Little is known about the nesting activities of some lineages of megachiline bees. Dr. Sarah Gess, affiliated with both Albany Museum and Rhodes University, South Africa, and Peter Roosenschoon, Conservation Officer at the Dubai Desert Conservation Reserve, United Arab Emirates, made use of their earlier observations gathered during a survey on flower visitation in the spring of 2015, to fill some gaps in the knowledge of of three species from such lineages.
Among their findings, published in the open access Journal of Hymenoptera Research, is a curious instance of a bee attempting to build brood cells using green pieces of plastic. Having examined two nests of the leafcutter bee species Megachile (Eurymella) patellimana, they report that one of the females nested in burrows in compacted sandy ground beneath a plant, and the other -- in the banks of an irrigation furrow.

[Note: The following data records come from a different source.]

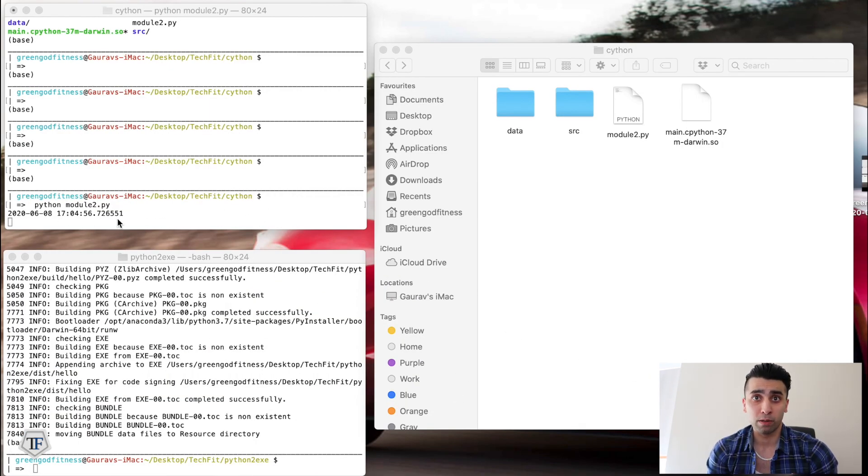I've successfully encoded my main.py file into darwin.so format, which is non-readable compiled code. Thanks for watching — I hope this video helped you. If you liked it, give it a thumbs up, and I'll see you in the next video. Peace out.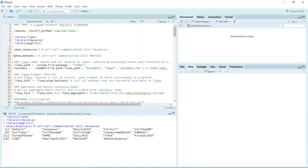You can see the databases for CellCall, CellChat, CellPhone, CellTalk, iTalk, Connectome, and OmniPath. You can also use the show_methods function to look at the available methods.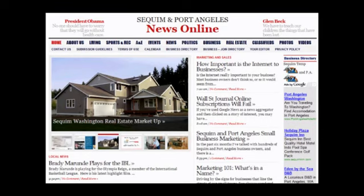Welcome to Sequim and Port Angeles News Online. This is a free online newspaper specifically designed and programmed for Sequim and Port Angeles residents and businesses. This is really great news for local businesses — you know how hard it is to find good marketing and be able to promote your business, but traditional print advertising is so expensive.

However, while the former was seen carrying a freshly cut leaf, the latter seemed to have discovered a curious substitute in the form of green plastic. Later on, upon checking the nest, the researchers found that the phenomenon they had observed was no isolated incident -- at least six identical pieces of narrow, tough, green plastic were grouped together in an apparent attempt to construct a cell. It turns out that the bee had been deliberately cutting off approximately 10-milimetre-long pieces with its large and strong toothed mandibles, before bringing them back to the nest.
"Although perhaps incidentally collected, the novel use of plastics in the nests of bees could reflect ecologically adaptive traits necessary for survival in an increasingly human-dominated environment," the authors quote an earlier study.
The two studied mason bee species (Megachile (Maximegachile) maxillosa and Pseudoheriades grandiceps) were seen to construct their nests using a mixture of resin and sand in pre-existing cavities, such as trap-nests, above the ground. The researchers note that resin is a common nest-building material among numerous species of mason bees, also known as resin bees. Previously, it has been suggested that apart from making the nest waterproof, the plant secretions may contain substances that fend off parasites.
The authors' earlier paper exploring the flower visitation by bees and wasps in the Dubai Desert Conservation Reserve is also published in the open-access Journal of Hymenoptera Research.